In the US, information technology was the best performing sector by some margin. The sector earnings have been significantly better than the broader market with 94% of technology companies beating analyst expectations vs. 82% for the wider market. Materials and utilities were the worst performing sectors, both of which have underperformed the broader market in terms of the proportion of companies beating their earnings estimates. In the US earnings season has been better than in Europe where – compared to 82% for the US – only 58% of companies are beating their estimates. Simultaneously, whilst revenue and sales growth are positive in the US, in Europe it is negative clocking in at -8.2% year-on-year (it rises to -0.7% ex-energy) and earnings growth is -7.4%. Intriguingly it was particularly in the US where investors were disproportionately punishing companies for missing their estimates.

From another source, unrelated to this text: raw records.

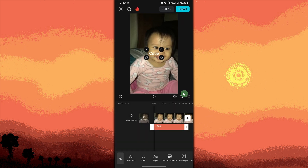Tap on the text box in the video preview area to highlight it. With the text box selected, use two fingers to rotate the text directly on the preview screen. Alternatively, after selecting the text box, a rotate icon will appear — drag this icon to tilt the text to your desired angle.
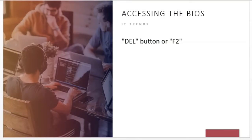This depends on the laptop brand and model. Here are some of the BIOS setup keys for you to use if you want to access your BIOS setup.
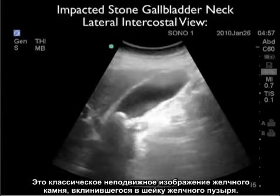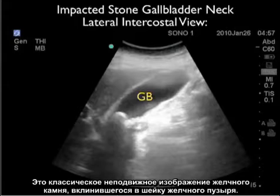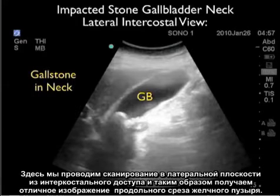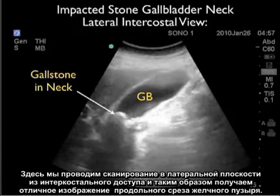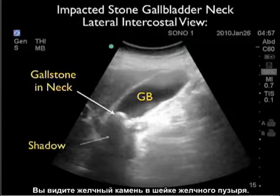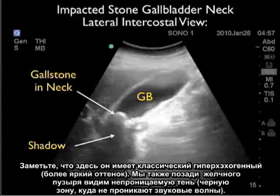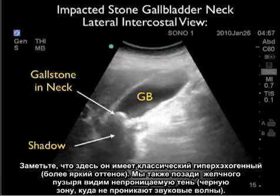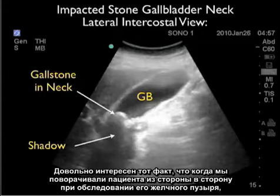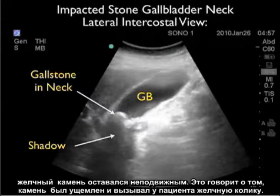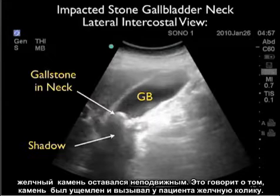Here's a still image showing the classic appearance of an impacted stone at the gallbladder neck. We're looking through the lateral intercostal view, giving a nice long axis view of the gallbladder. We can see a gallstone located within the neck — it has the classic bright or hyperechoic appearance and a hard shadow, a blackout of sound waves posterior to the gallstone. Interestingly, as we rolled the patient around and inspected the gallstone, it failed to move, showing it was impacted and the cause of the patient's biliary colic.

It was also a positive week for bond markets. Yields across the fixed income complex fell as bond prices rose – there is a reverse relationship between bond yields and bond prices. The US 10-year treasury yield, having been as high as 5% in recent weeks, fell from 4.88% at the start of the week down to 4.57% by the market close. It was also a positive week for UK government bonds, the 10-year gilt yield fell from 4.51% to 4.29%. Corporate bonds also performed well benefitting from the fall in yields and a narrowing of credit spreads. Credit spreads are the additional yield pick-up from taking on further credit risk often through lending to the likes of corporates. Last week US and European high yield (companies with lower credit ratings) spreads tightened quite significantly. European high yield spreads tightened over the course of the week from 4.91% to 4.74% and US high yield spreads tightened from 4.34% to 3.95%.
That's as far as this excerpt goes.